§ **PROMPT**
Transcribe word for word each line from the one containing "Orijinal sanat, Pastel" to the final line of the data, both included. Skip the pictures.

§ **INFORMATION SUPPLIED**

- - -

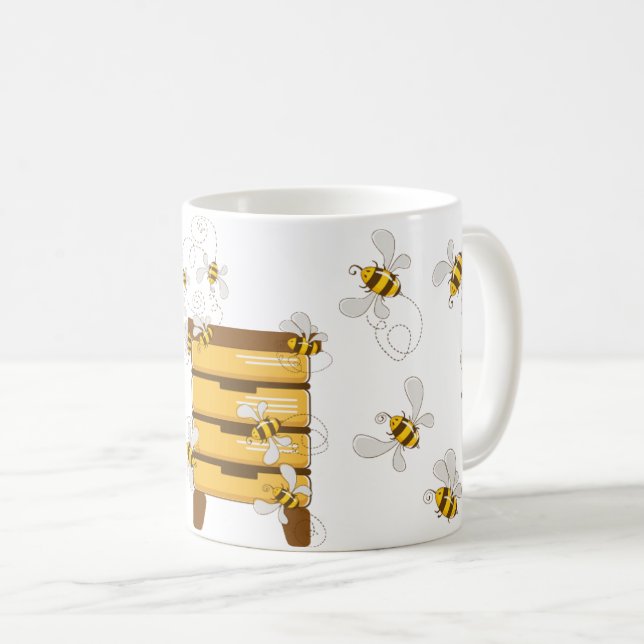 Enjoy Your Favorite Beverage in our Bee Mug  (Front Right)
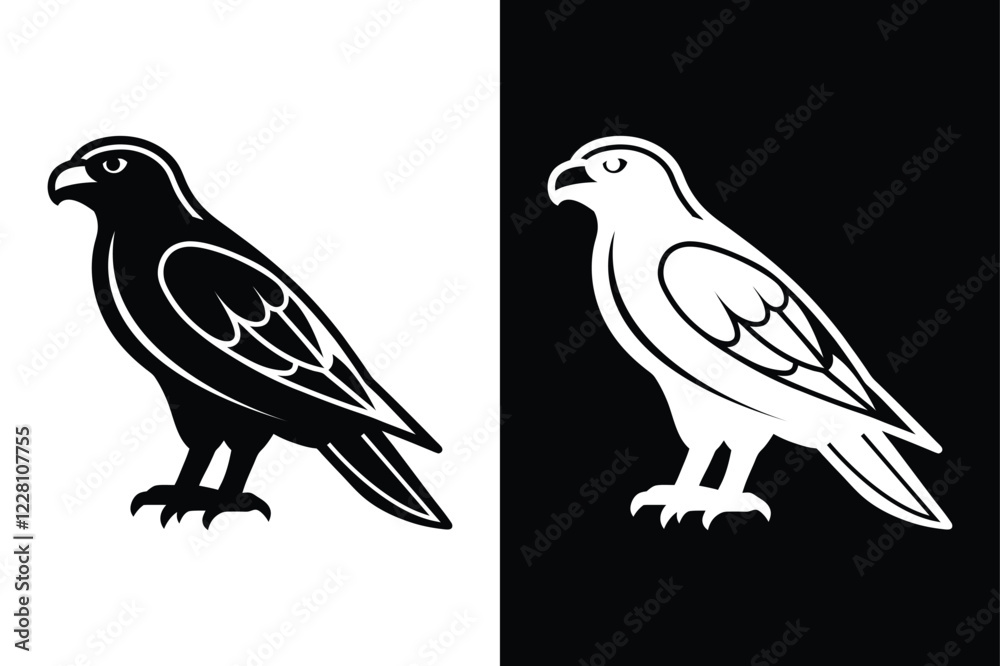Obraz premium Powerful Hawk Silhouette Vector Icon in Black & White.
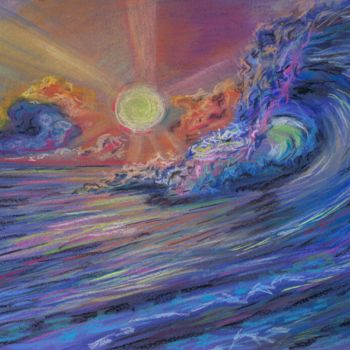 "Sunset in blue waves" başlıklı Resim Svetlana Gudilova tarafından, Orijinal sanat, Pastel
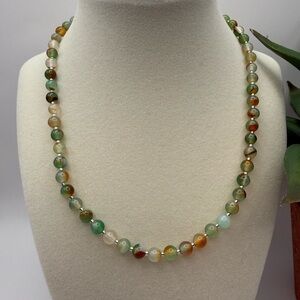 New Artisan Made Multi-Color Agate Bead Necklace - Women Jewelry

- - -

§ **EXPECTED OUTPUT**
 "Sunset in blue waves" başlıklı Resim Svetlana Gudilova tarafından, Orijinal sanat, Pastel
 New Artisan Made Multi-Color Agate Bead Necklace - Women Jewelry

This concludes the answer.